14. The method of claim 1 wherein the second client device comprises a patient user.

15. The method of claim 1 wherein the first timestamp corresponds to a time when the first conversation was sent from the first client device to the second client device.

16. The method of claim 1 wherein the first functional unit corresponds to a medical office and the medical office further corresponds to a second functional unit that is different than the first functional unit.

17. The method of claim 1 wherein the first encryption key may decrypt one or more messages in the first encrypted conversation.

18. The method of claim 1 wherein the first encryption key cannot decrypt a second encrypted conversation from the first client device intended for the first functional unit that corresponds to the second client device.

19. A method for a secured messaging system comprising:

receiving from a patient user's device a request to secure a first message to be sent to a first functional unit of a medical office;

in response to the patient user's request, selecting a first encryption key;

creating, based on the first message and the first encryption key, a secured first message;

causing storing the secured first message and a unique identifier for the secured first message;

determining, based on the medical office, medical office users of the secured messaging system associated with the medical office;

determining, based on the medical office users and the first functional unit, first and second users of the secured messaging system associated with the first functional unit and the medical office;

transmitting the secured first message to devices associated with the first and second users; and

causing decrypting, based on the unique identifier of the secured first message and a first decryption key being stored on the first user's device before the first user attempting to open the secured first message, the first secured message on the first user's device.

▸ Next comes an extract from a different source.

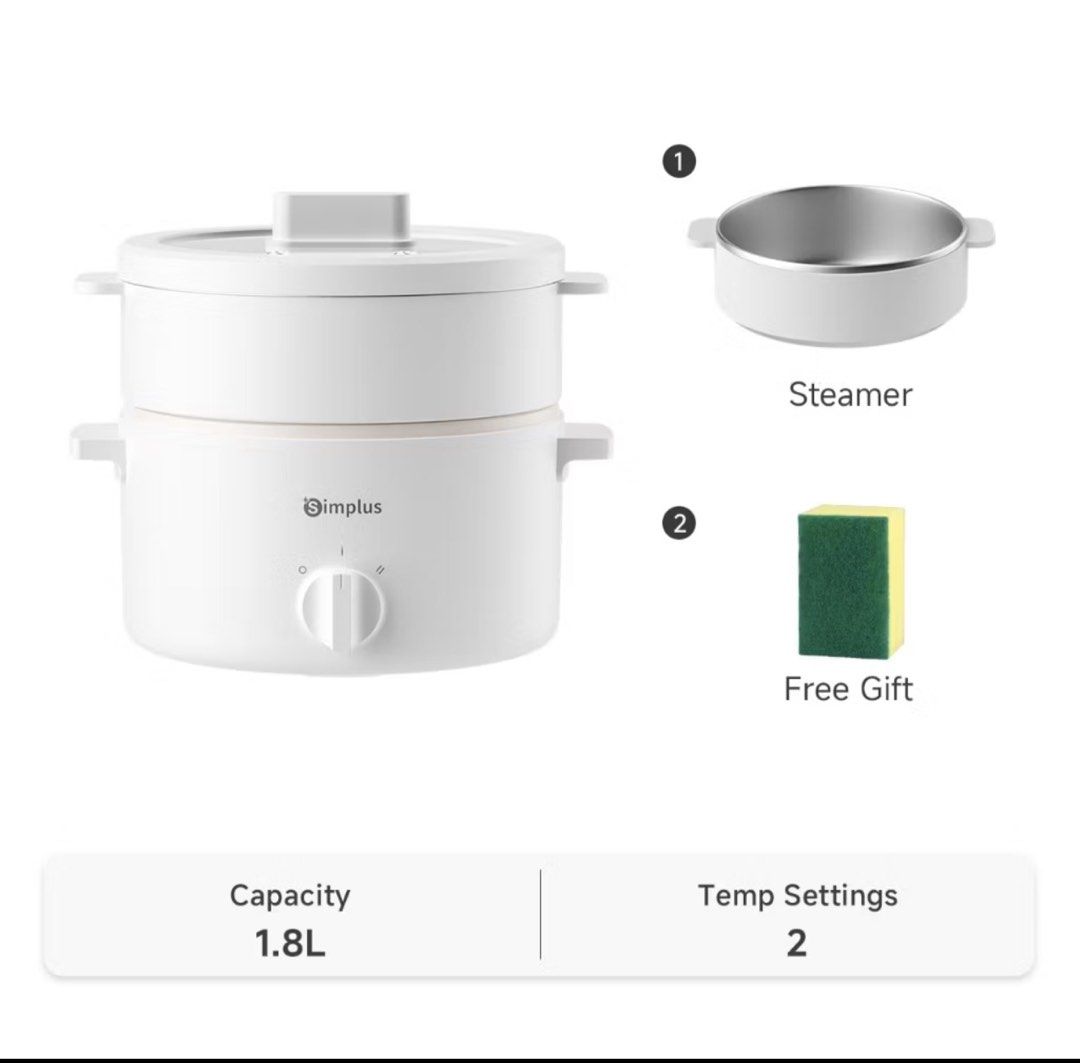 Simplus Multi-Functional Electric Cooker (Category: Cookers) located in Mandaluyong City. Submitted by theacart (Listing ID 1433736053, Image 2). Description: RFS: Wrong Order - 1.8L Multi-functional Electric Cooker - 304 Stainless Steel Steamer - Titanium Non-Stick Ceramic - 2 Temperature Settings - Elegant White Design - Includes a Free Gift!.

20. The method of claim 19 comprising:

causing transmitting, based on the unique identifier of the secured first message and that the first decryption key is not stored on the second user's device before the first user attempting to open the secured first message, the first decryption key to the second user's device; and

decrypting the first secured message on the second user's device.

21. The method of claim 19 wherein transmitting the first decryption key and transmitting the secured first message occurs during different transmissions.

22. The method of claim 19 wherein the first user comprises a staff role user and the second user comprises a doctor role user.

23. The method of claim 19 comprising:

receiving from the first user's device a request to secure a second message to be sent to the patient user;

in response to the first user's request, selecting a second encryption key;

creating, based on the second message and the second encryption key, a secured second message;

causing storing the secured second message and a unique identifier for the secured second message;

transmitting the secured second message to the patient user's device; and

causing decrypting, based on the unique identifier of the secured second message and that a second decryption key is stored on the patient user's device before transmitting the second secured message, the second secured message on the patient user's device.

24. The method of claim 23 wherein the secured second message includes an indication that the first user is responding to the patient user on behalf of the second user.

25. The method of claim 19 comprising:

receiving from the first user's device a request to secure a second message to be sent to the patient user;

in response to the first user's request, selecting a second encryption key;

creating, based on the second message and the second encryption key, a secured second message;

causing storing the secured second message and a unique identifier for the secured second message;

transmitting the secured second message to the patient user's device;

causing transmitting, based on the unique identifier of the secured second message and that the second decryption key is not stored on the patient user's device before transmitting the second secured message, the second decryption key to the patient user's device; and

decrypting the second secured message on the patient user's device.